> _Exercise details_
Read the lines below, and copy any that contain the string "text".

> _Task inputs_

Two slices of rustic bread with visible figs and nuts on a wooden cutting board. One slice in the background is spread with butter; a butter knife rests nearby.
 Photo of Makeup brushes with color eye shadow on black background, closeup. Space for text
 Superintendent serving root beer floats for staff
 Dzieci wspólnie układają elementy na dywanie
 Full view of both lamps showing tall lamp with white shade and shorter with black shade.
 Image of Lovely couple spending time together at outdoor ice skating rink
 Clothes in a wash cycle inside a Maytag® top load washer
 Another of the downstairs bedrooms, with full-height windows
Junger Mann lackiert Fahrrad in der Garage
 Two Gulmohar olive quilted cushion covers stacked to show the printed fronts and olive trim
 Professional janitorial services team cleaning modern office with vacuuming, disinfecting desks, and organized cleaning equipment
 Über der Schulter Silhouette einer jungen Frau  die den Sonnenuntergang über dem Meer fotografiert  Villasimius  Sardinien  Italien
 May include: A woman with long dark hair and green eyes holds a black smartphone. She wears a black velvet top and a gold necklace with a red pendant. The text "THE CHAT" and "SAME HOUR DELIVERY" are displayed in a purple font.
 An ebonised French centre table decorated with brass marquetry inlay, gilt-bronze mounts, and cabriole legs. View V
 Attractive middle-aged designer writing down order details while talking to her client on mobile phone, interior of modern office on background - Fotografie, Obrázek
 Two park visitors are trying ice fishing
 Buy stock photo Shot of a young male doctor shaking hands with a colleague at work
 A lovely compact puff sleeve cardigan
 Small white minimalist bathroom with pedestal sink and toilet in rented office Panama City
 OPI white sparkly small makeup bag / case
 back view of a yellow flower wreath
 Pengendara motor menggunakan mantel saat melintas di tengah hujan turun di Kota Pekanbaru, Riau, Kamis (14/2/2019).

> _Your response_
 Photo of Makeup brushes with color eye shadow on black background, closeup. Space for text
 May include: A woman with long dark hair and green eyes holds a black smartphone. She wears a black velvet top and a gold necklace with a red pendant. The text "THE CHAT" and "SAME HOUR DELIVERY" are displayed in a purple font.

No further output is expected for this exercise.